Ma il rumore di quell’ambulanza, un Nino Nino secondo i bambini, era stata una sveglia per la sua inquietudine. Si qualcun in quel momento stava sicuramente peggio di lui, forse in lotta tra la vita e la morte, ma i medici erano impegnati per cercare una cura, mentre lui commetteva sempre lo stesso errore. Quello di credere all’amore. Si diceva ok stavolta non ci casco più e poi rinasceva sotto i tramonti, dentro le osterie o su qualche isola sperduta, sempre insieme a qualche persona che si presentava come giusta al momento sbagliato o viceversa.

Lui aveva l’esigenza di agire, di non perdere il tempo, anzi voleva rincorrerlo, pronto a donare tutto se stesso per un bene comune. Una felicità molto teorica, fragile e forse esagerata. Una fonte di energia che poteva sembrare carica di responsabilità e portare persino alla fuga. Scappare via con le sirene spiegate davanti ad una possibile richiesta di pace era il suono che allarmava il silenzio delle altre persone.

Nonostante tutto però lui continuava a credere a certi sentimenti e certi sguardi. Proprio così il suo male diventava sempre più incurabile. E allora quale medicina cercava a questo amore disperato? Troppo tardi per pensare. E forse chissà se il diavolo e la tentazione si ripresentavano sempre con un sorriso innocente, scudo di una certa timidezza. O magari sotto forma di una sigaretta senza accendino. Oltre al passato anche il futuro apriva una via sulle possibilità.
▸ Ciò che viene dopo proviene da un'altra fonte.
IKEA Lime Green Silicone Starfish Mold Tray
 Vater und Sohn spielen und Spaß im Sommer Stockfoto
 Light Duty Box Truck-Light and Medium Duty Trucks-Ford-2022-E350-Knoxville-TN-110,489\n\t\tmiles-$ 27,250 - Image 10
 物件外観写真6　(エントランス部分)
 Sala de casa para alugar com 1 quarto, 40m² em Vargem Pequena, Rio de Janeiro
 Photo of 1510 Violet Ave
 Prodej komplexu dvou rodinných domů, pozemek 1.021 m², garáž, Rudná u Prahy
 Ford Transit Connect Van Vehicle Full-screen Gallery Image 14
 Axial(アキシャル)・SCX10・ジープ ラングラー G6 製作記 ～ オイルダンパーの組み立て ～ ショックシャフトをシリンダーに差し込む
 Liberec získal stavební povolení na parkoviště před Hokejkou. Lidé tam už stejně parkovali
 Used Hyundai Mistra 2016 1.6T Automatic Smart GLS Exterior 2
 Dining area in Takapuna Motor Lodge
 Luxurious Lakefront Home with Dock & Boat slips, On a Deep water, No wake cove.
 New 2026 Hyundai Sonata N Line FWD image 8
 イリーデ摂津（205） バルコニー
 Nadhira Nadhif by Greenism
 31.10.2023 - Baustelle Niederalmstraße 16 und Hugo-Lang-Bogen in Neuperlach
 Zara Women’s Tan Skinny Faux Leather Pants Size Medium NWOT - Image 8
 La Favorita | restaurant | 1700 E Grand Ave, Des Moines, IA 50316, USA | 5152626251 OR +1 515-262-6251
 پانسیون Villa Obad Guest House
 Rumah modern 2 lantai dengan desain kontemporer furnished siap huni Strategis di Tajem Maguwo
“Le ore perse ad aspettare un segno non ritorneranno più vero?” Continuava a domandare alla notte. Ma allo stesso tempo, sapeva rispondersi che domani sarà un nuovo giorno e chissà cosa succederà. Dal suo cuore usciva luce, troppa luce per contenerla all’interno.

In queste rivendicazione e domande la sua preghiera era sempre la stessa e suonava così: “Nascondimi da qualche parte amica mia”.